» RECORDS SUPPLIED
= = = = =

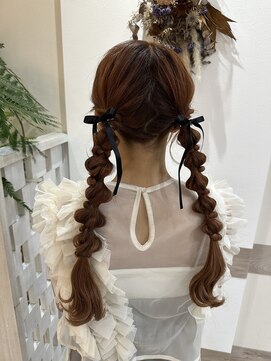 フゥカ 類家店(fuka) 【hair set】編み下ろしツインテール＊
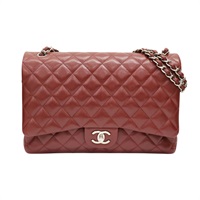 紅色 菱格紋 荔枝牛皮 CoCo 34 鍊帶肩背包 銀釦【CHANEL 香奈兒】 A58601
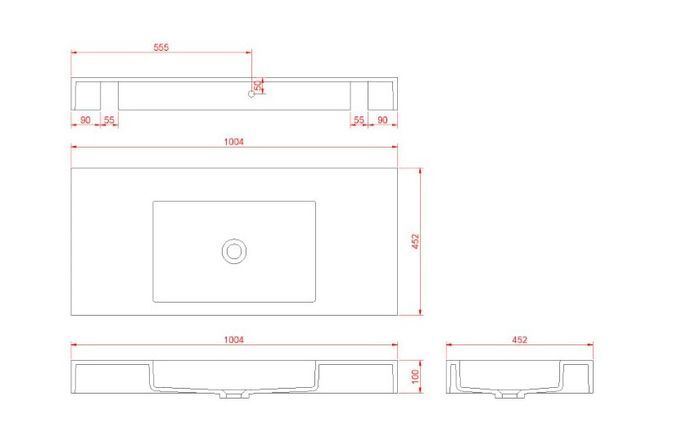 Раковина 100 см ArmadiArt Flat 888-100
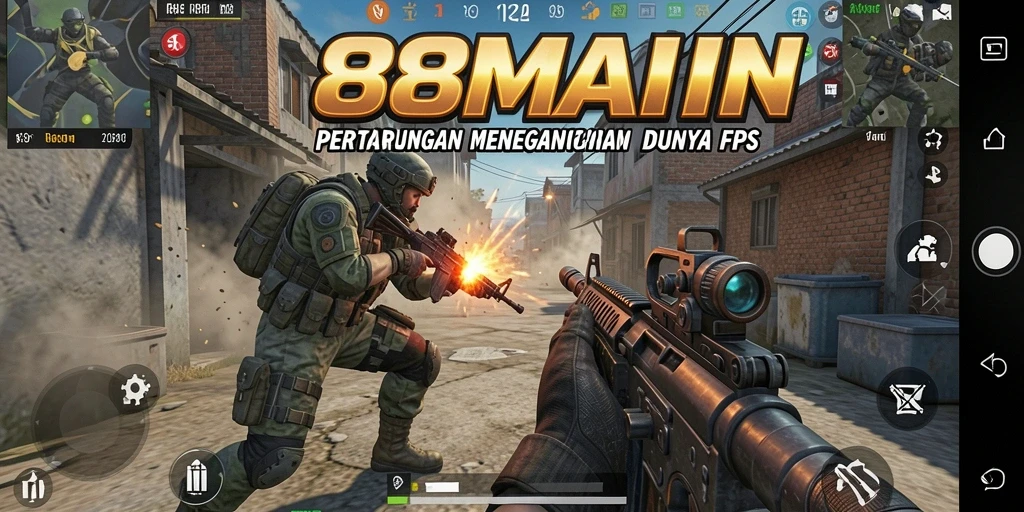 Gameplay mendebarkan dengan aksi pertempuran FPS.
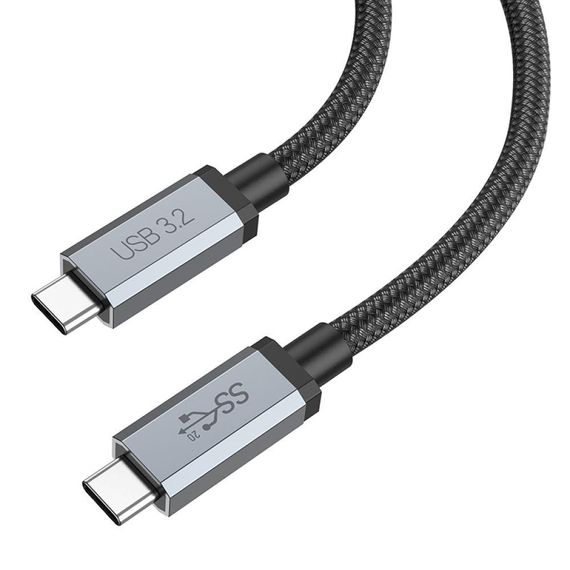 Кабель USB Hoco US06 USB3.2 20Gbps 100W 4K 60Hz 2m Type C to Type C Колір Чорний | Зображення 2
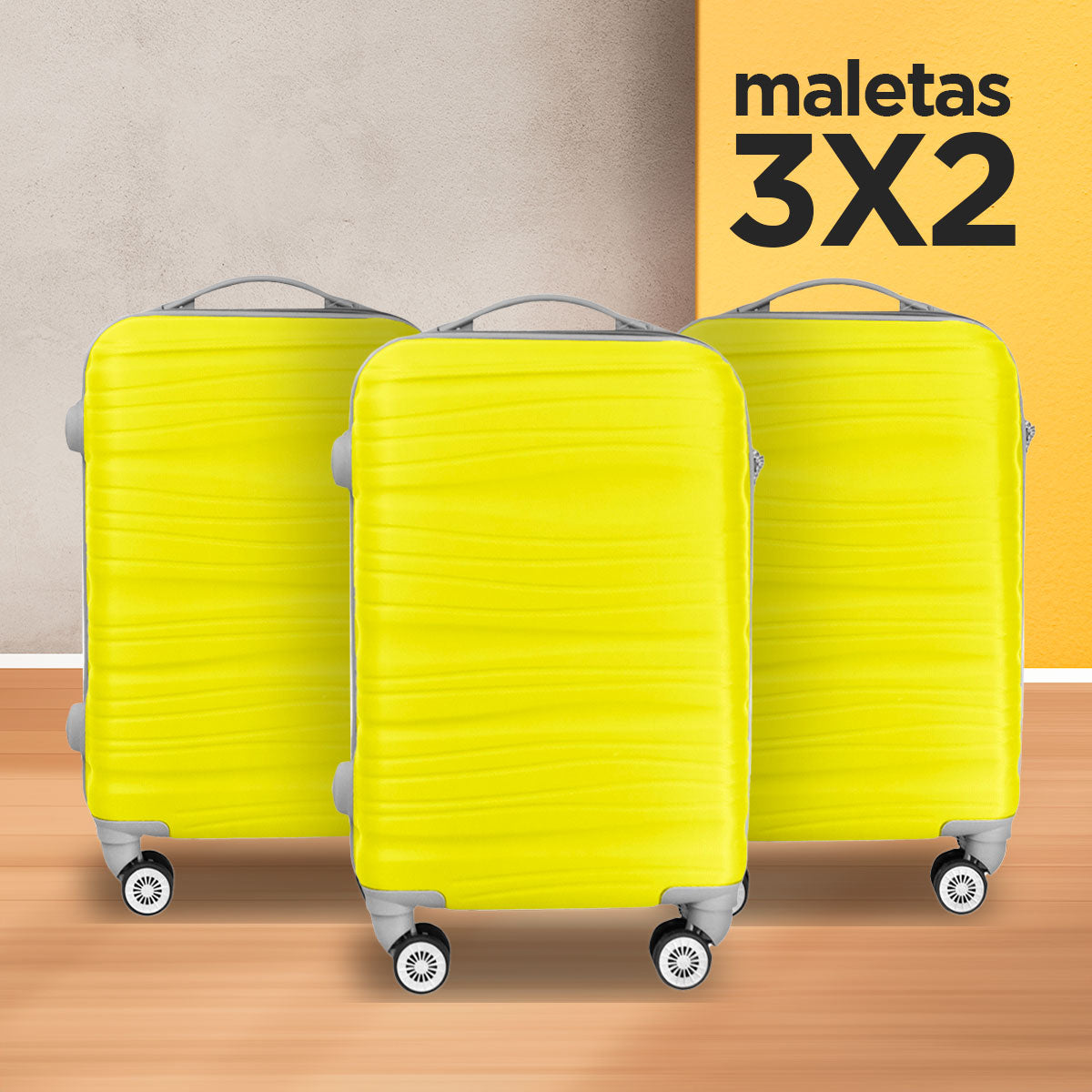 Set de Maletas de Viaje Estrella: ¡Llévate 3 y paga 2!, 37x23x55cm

= = = = =

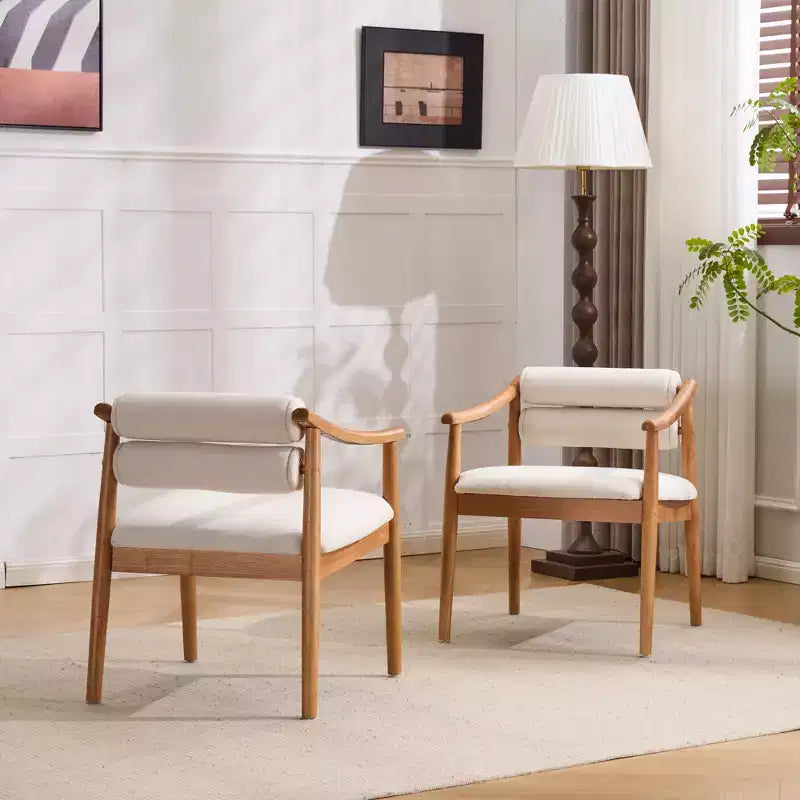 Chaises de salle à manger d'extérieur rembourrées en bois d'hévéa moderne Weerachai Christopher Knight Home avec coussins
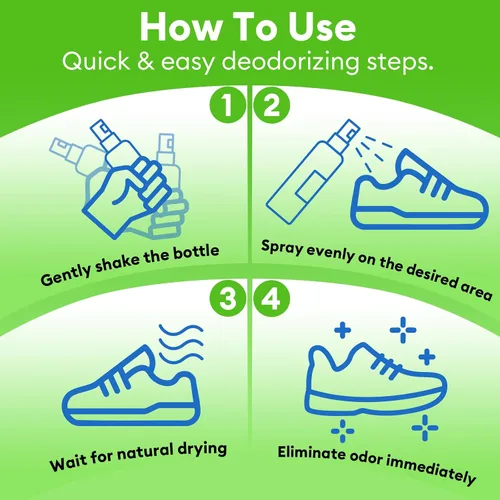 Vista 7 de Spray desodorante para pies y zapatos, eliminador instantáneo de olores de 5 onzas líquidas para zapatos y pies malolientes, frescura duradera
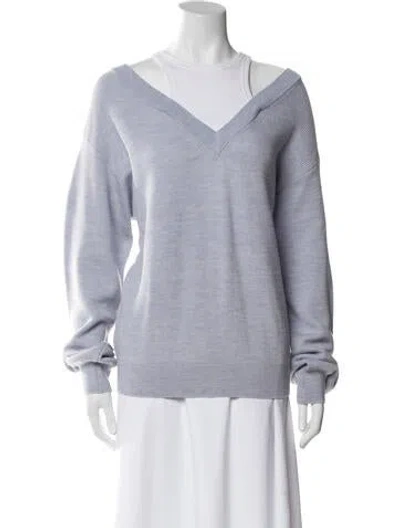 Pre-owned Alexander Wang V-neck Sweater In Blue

= = = = =

» WHAT THE TASK REQUIRES
Repeat exactly the lines above, beginning at the one containing "Gameplay mendebarkan dengan" and ending at the one containing "Set de Maletas". Do not carry over any pictures.

» ANSWER SECTION
 Gameplay mendebarkan dengan aksi pertempuran FPS.
 Кабель USB Hoco US06 USB3.2 20Gbps 100W 4K 60Hz 2m Type C to Type C Колір Чорний | Зображення 2
 Set de Maletas de Viaje Estrella: ¡Llévate 3 y paga 2!, 37x23x55cm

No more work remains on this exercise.